At the U.N. climate talks in Bonn, Germany, on Tuesday, a delegate from Syria reportedly announced that the country intends to join the Paris Agreement. If the country follows through on that promise, it would leave the U.S. isolated as the only nation that has rejected the pact and intends to withdraw from the treaty.
The agreement went into effect in November 2016, and seeks to limit the severity of global warming.
On June 1, President Donald Trump announced that he intends to withdraw the U.S. from the Paris Agreement, unless his administration could somehow negotiate a deal that was "more fair" to the country. Other parties to the agreement have rejected the notion of further negotiations on the agreement's core provisions, especially since its emissions targets are voluntary.
However, under the terms of the treaty, the earliest the U.S. can formally withdraw is the day after the 2020 presidential election, given a provision in the agreement requiring a three-year waiting period for withdrawal from when the treaty enters into force, as well as a one-year withdrawal process.

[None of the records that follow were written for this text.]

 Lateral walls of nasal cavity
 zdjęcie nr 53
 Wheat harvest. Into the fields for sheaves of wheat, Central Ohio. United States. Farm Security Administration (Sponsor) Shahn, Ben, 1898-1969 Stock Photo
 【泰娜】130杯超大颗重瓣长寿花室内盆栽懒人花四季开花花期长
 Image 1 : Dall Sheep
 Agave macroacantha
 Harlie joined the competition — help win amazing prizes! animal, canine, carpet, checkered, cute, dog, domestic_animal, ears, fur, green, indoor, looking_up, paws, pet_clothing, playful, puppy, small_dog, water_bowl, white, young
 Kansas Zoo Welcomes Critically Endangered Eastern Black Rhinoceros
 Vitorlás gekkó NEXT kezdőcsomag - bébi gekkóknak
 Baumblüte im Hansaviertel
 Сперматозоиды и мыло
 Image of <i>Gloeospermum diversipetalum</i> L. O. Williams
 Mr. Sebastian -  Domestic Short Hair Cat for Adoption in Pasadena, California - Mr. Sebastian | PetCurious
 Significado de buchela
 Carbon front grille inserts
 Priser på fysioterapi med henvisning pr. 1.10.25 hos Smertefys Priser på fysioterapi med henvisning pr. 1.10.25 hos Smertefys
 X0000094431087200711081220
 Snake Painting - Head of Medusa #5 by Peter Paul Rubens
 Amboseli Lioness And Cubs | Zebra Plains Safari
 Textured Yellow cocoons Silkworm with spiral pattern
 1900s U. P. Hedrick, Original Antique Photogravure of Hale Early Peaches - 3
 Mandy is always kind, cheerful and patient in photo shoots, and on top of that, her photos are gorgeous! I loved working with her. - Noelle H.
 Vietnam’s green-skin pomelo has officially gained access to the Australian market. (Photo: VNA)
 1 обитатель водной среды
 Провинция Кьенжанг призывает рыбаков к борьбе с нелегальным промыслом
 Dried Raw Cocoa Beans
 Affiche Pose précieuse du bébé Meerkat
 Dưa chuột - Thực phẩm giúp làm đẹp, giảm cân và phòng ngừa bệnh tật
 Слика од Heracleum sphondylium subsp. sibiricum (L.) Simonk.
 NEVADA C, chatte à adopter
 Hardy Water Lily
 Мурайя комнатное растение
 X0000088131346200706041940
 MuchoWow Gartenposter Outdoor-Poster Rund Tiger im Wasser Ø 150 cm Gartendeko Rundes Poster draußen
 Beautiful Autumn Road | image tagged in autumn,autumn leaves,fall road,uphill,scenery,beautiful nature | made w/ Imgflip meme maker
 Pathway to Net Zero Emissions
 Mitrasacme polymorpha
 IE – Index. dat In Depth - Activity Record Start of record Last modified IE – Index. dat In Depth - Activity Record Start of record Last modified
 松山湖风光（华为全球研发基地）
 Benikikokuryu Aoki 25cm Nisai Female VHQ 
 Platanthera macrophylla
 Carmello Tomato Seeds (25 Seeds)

Nicaragua and Syria had both been treaty holdouts, though for different reasons. Nicaragua objected to the agreement on the grounds that it is not ambitious enough, while Syria has been mired in the grips of a bloody civil war. However, Nicaragua joined the pact last month, and with Syria's newly expected participation, that means that for a time, every country will be a party to the agreement.
Then, assuming Trump follows through on his decision, the U.S. will become the world's turd in the proverbial climate diplomacy punch bowl, starting in 2020.
“As if it wasn’t already crystal clear, every single other country in the world is moving forward together to tackle the climate crisis, while Donald Trump has isolated the United States on the world stage in an embarrassing and dangerous position," Sierra Club executive director Michael Brune, said in a statement.
Under former president Barack Obama, the U.S. was a key player in ensuring the success of the negotiations that led to the Paris Agreement in 2015, and a cheerleader for it to enter into force in November 2016. However, the Trump administration has brought climate denial into the highest levels of government, from Scott Pruitt's Environmental Protection Agency to Rick Perry's Energy Department, with officials denying the fundamental science tying greenhouse gas emissions to global warming.
An exhaustive federal climate science report released on Nov. 3 found that human activities are responsible for at least 93 percent of the observed global warming from 1951 to 2010.
Image: National Climate Assessment 2017.
As the second-largest emitter in the world and a leader in clean technology research and development, what the U.S. does on climate change will have huge ramifications worldwide.
Research published last week shows that the world is currently on course to experience between 2.9 to 3.4 degrees Celsius, or 5.2 to 6.1 degrees Fahrenheit, of warming by 2100, which is well above the Paris target of limiting global warming to "well below" 2 degrees Celsius, or 3.6 degrees Fahrenheit, above preindustrial levels.
Diplomats currently meeting in Bonn, including a U.S. delegation representing the Trump administration, are wrestling with how to ratchet up the level of ambition when it comes to the emissions cuts each country has pledged.
That is an even more difficult task to accomplish without the U.S., but some observers think the country's newfound isolation could at least encourage U.S. diplomats to be more constructive than expected at the outset of the negotiations.
“With Syria on board, now the entire world is resolutely committed to advancing climate action – all save one country," Paula Caballero, who directs the climate program at the nonpartisan World Resources Institute, said in a statement.
"This should make the Trump administration pause and reflect on their ill-advised announcement about withdrawing from the Paris Agreement."